Action item: Each line below is to be copied exactly; images do not go into the copy.

Collected data:
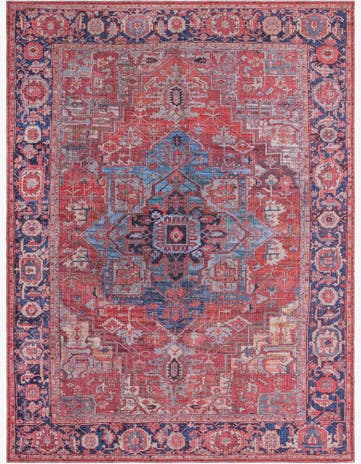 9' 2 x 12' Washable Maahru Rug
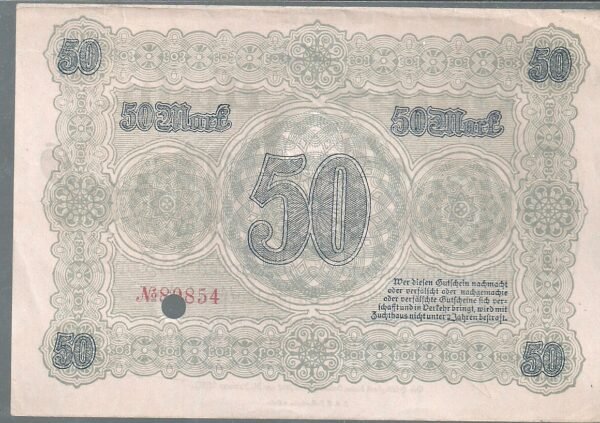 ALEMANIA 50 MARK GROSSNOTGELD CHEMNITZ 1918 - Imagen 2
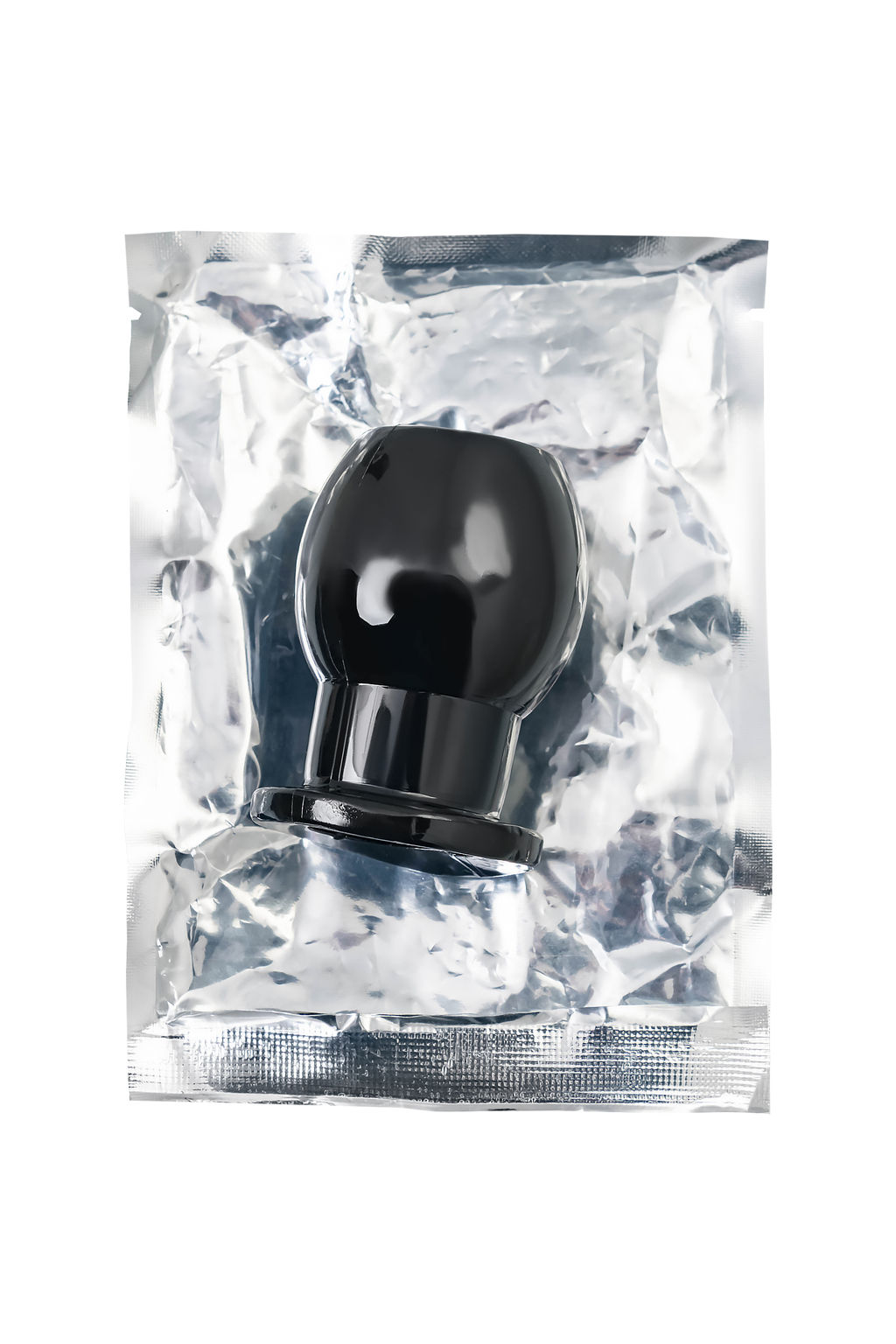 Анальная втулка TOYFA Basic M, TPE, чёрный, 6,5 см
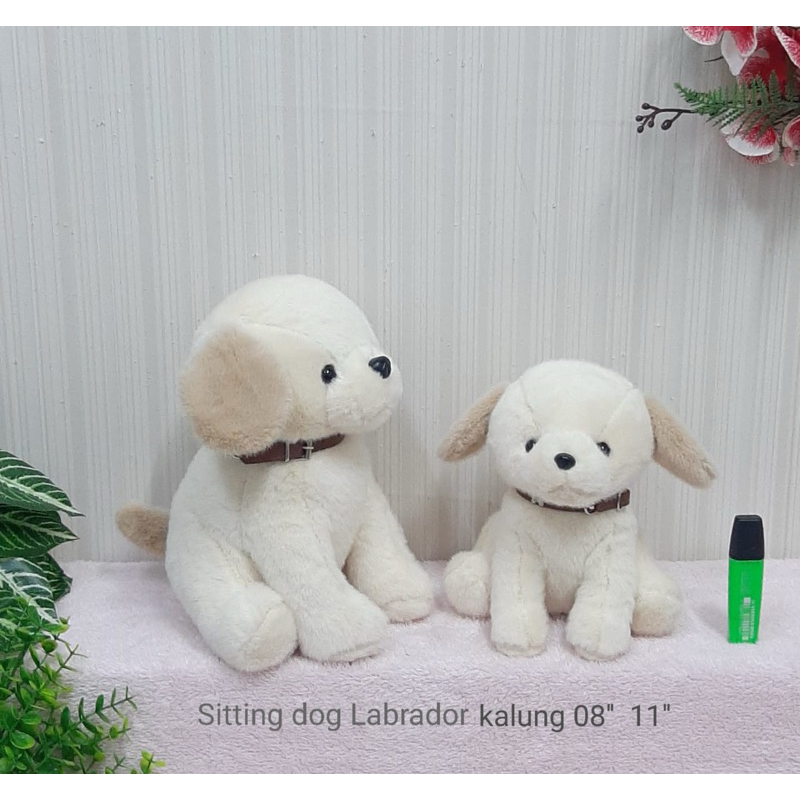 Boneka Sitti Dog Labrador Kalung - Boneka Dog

Exercise solution:
 9' 2 x 12' Washable Maahru Rug
 ALEMANIA 50 MARK GROSSNOTGELD CHEMNITZ 1918 - Imagen 2
 Анальная втулка TOYFA Basic M, TPE, чёрный, 6,5 см
 Boneka Sitti Dog Labrador Kalung - Boneka Dog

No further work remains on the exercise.